──────── Data excerpt
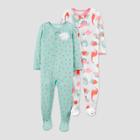 Baby Girls' 2pk Sheep/dino Footed Pajama - Just One You Made By Carter's Green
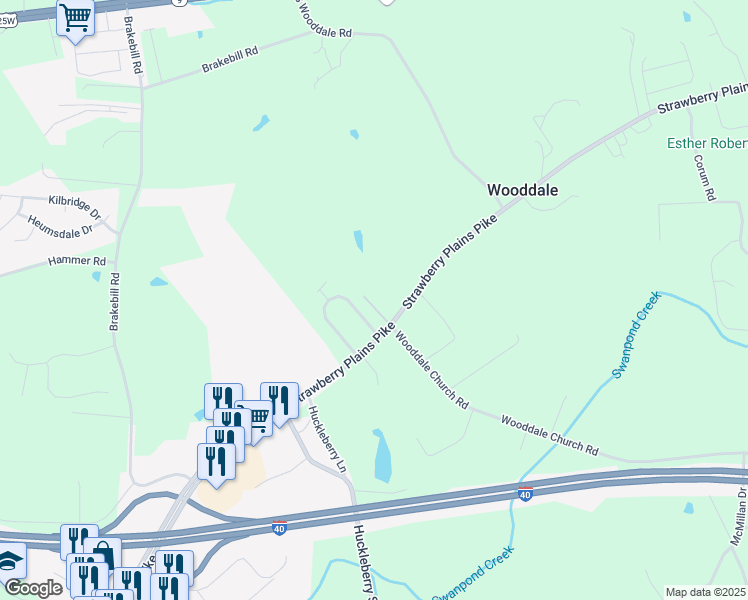 map of restaurants, bars, coffee shops, grocery stores, and more near 7703 Strawberry Plains Pike in Knoxville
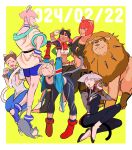  6+girls a.k.i._(street_fighter) absurdres animal_ears arms_up blonde_hair brown_hair cammy_white cat cat_day cat_ears cat_tail caxqov chinese_clothes chun-li fake_animal_ears fake_tail grey_hair highres lily_hawk lion manon_legrand marisa_(street_fighter) multiple_girls official_alternate_costume paw_pose pink_hair red_hair sitting street_fighter street_fighter_6 stretching tail 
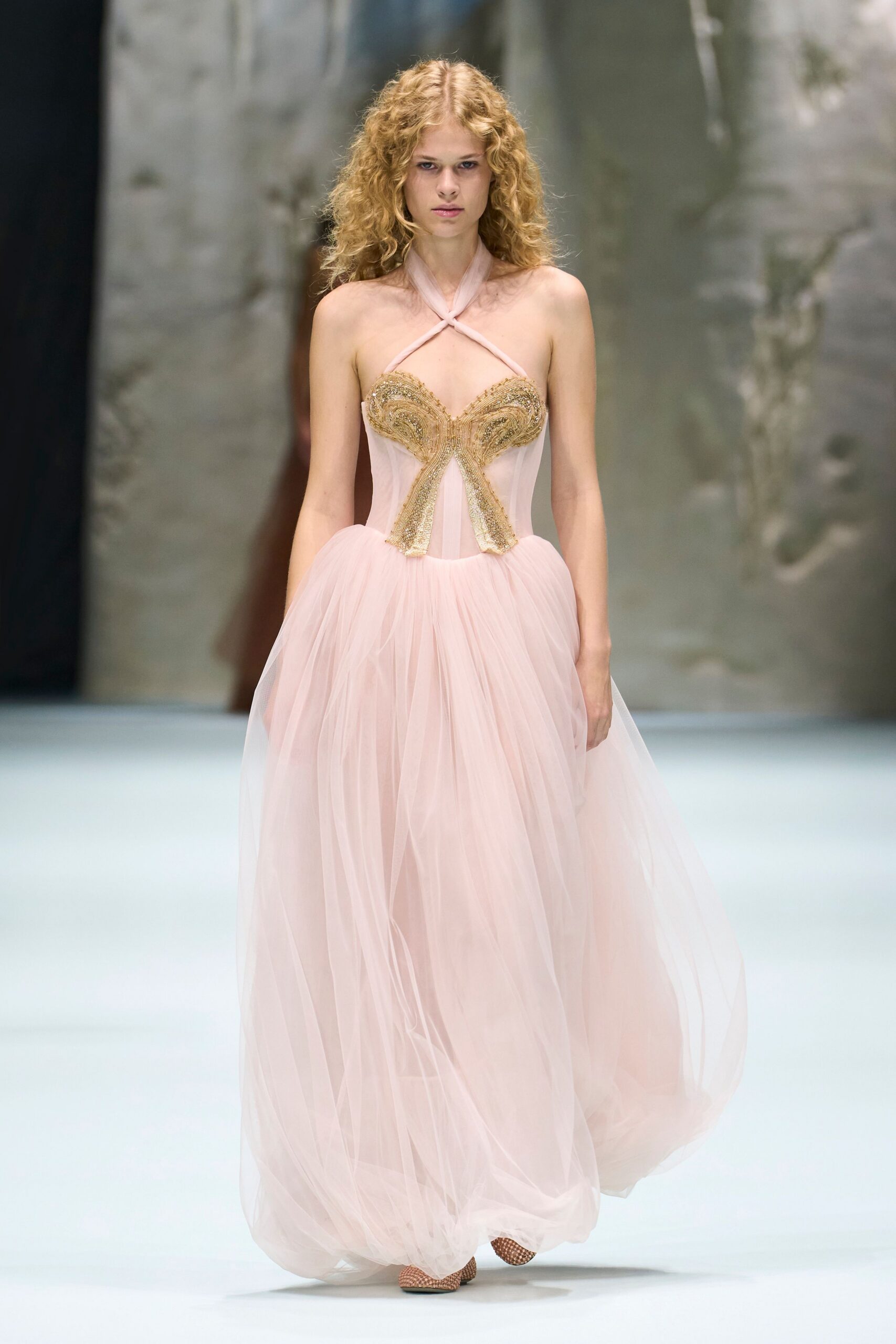 pink tulle illusion bodice ballgown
────────────────
__The task__. Copy every line of the listing above exactly. Leave each picture out.

__Solution for this task__.
 Baby Girls' 2pk Sheep/dino Footed Pajama - Just One You Made By Carter's Green
 map of restaurants, bars, coffee shops, grocery stores, and more near 7703 Strawberry Plains Pike in Knoxville
  6+girls a.k.i._(street_fighter) absurdres animal_ears arms_up blonde_hair brown_hair cammy_white cat cat_day cat_ears cat_tail caxqov chinese_clothes chun-li fake_animal_ears fake_tail grey_hair highres lily_hawk lion manon_legrand marisa_(street_fighter) multiple_girls official_alternate_costume paw_pose pink_hair red_hair sitting street_fighter street_fighter_6 stretching tail 
 pink tulle illusion bodice ballgown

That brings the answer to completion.